**Exercise**
Pictures are not part of the answer. Return the lines from the one containing "Touch Generation Change!" through the end of the data, both included, exactly as they appear.

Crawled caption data
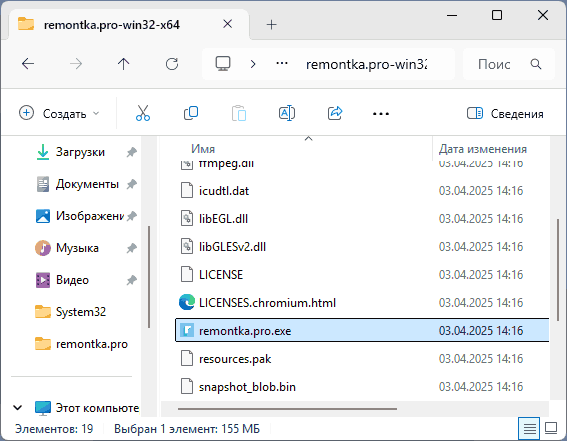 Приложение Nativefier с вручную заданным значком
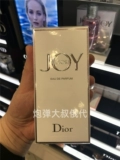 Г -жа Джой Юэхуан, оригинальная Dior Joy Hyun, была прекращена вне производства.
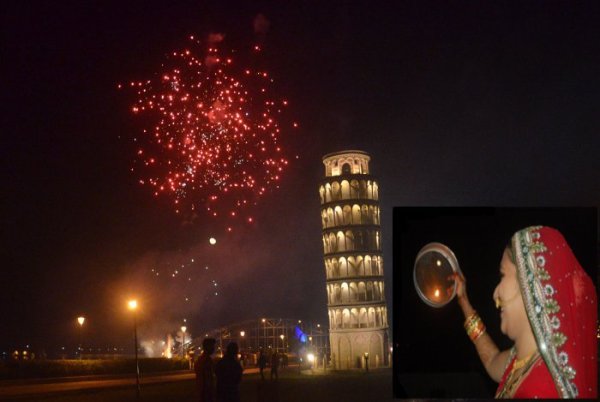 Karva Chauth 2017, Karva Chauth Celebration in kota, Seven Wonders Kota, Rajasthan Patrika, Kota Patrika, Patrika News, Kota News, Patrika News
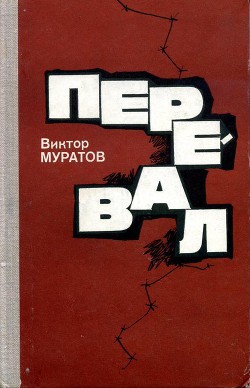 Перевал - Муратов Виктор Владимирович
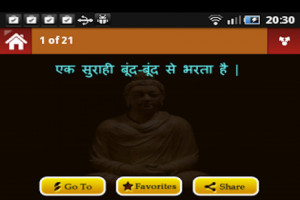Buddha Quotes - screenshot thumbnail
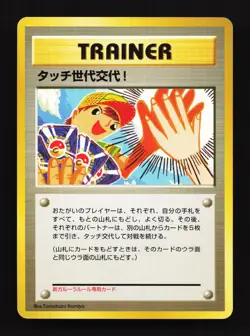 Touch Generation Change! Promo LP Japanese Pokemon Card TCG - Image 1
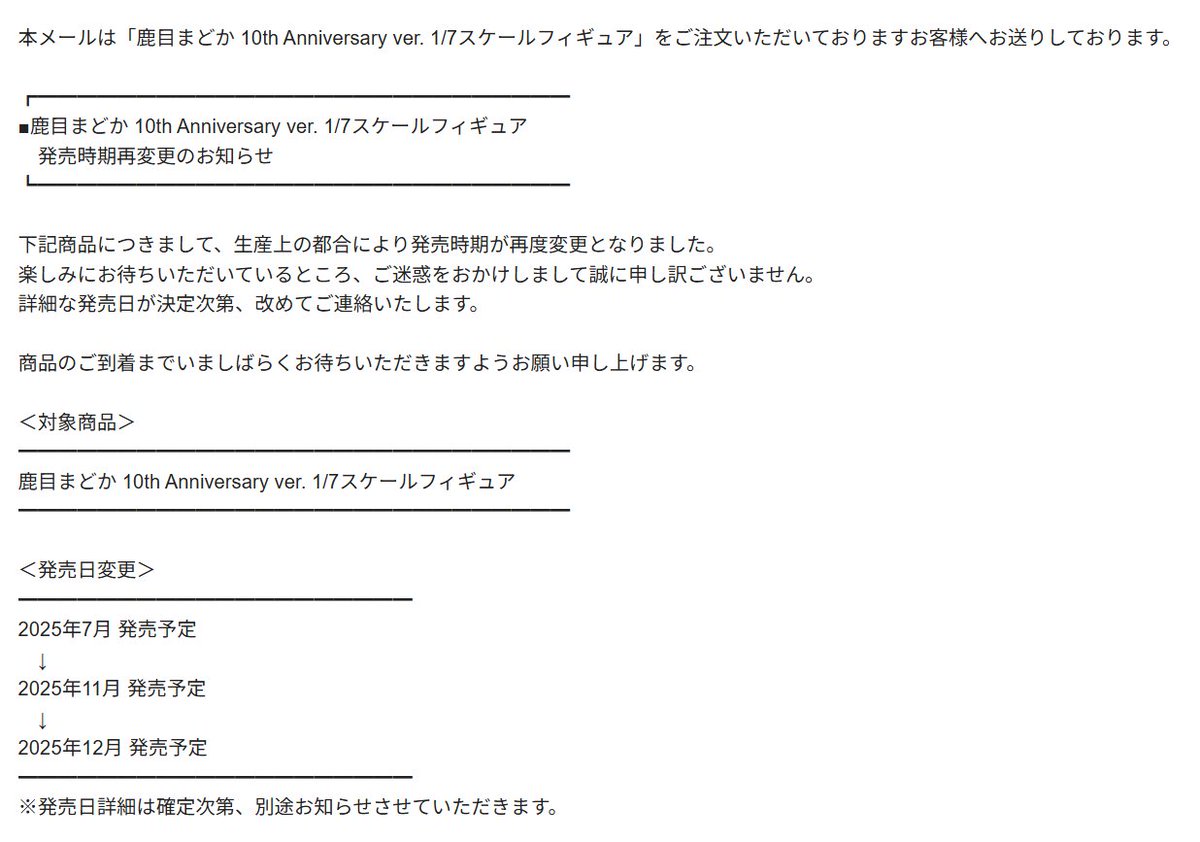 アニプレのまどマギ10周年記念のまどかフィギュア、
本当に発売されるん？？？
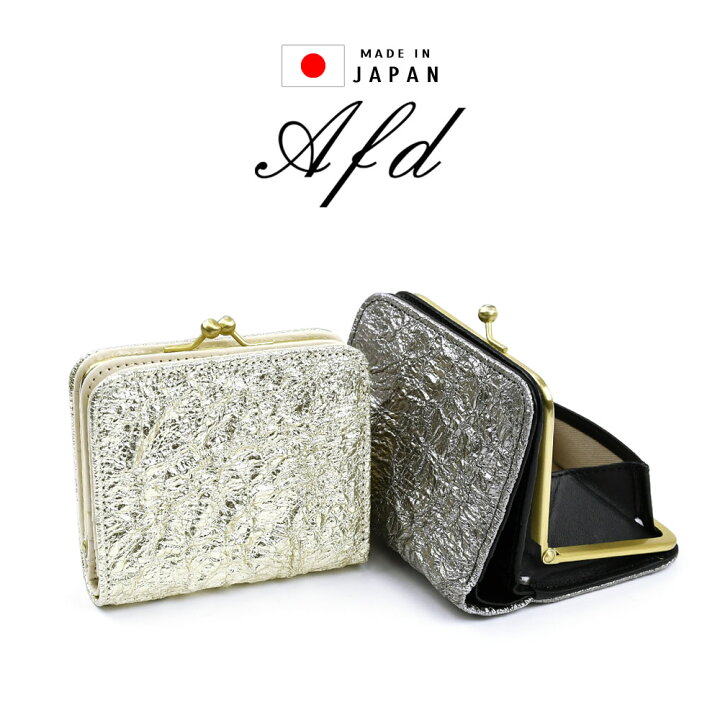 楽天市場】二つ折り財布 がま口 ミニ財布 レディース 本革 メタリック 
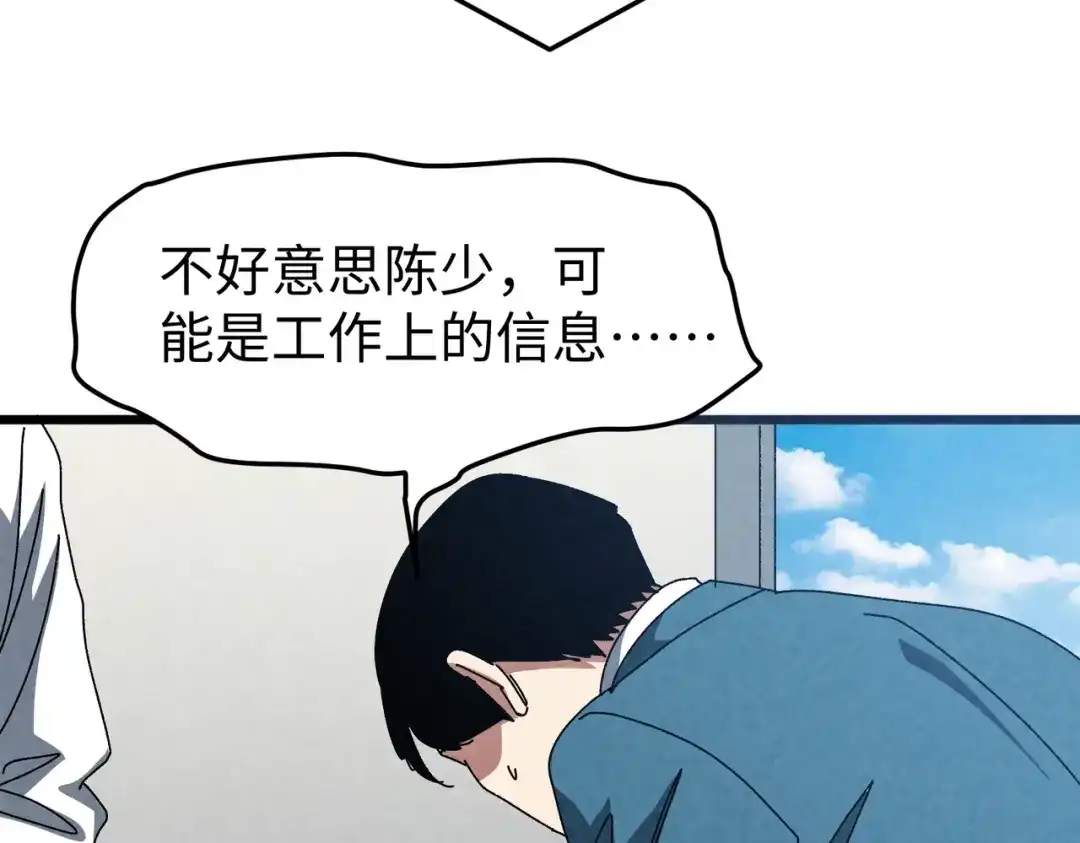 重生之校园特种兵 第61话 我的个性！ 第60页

**Response**
 Touch Generation Change! Promo LP Japanese Pokemon Card TCG - Image 1
 アニプレのまどマギ10周年記念のまどかフィギュア、
本当に発売されるん？？？
 楽天市場】二つ折り財布 がま口 ミニ財布 レディース 本革 メタリック 
 重生之校园特种兵 第61话 我的个性！ 第60页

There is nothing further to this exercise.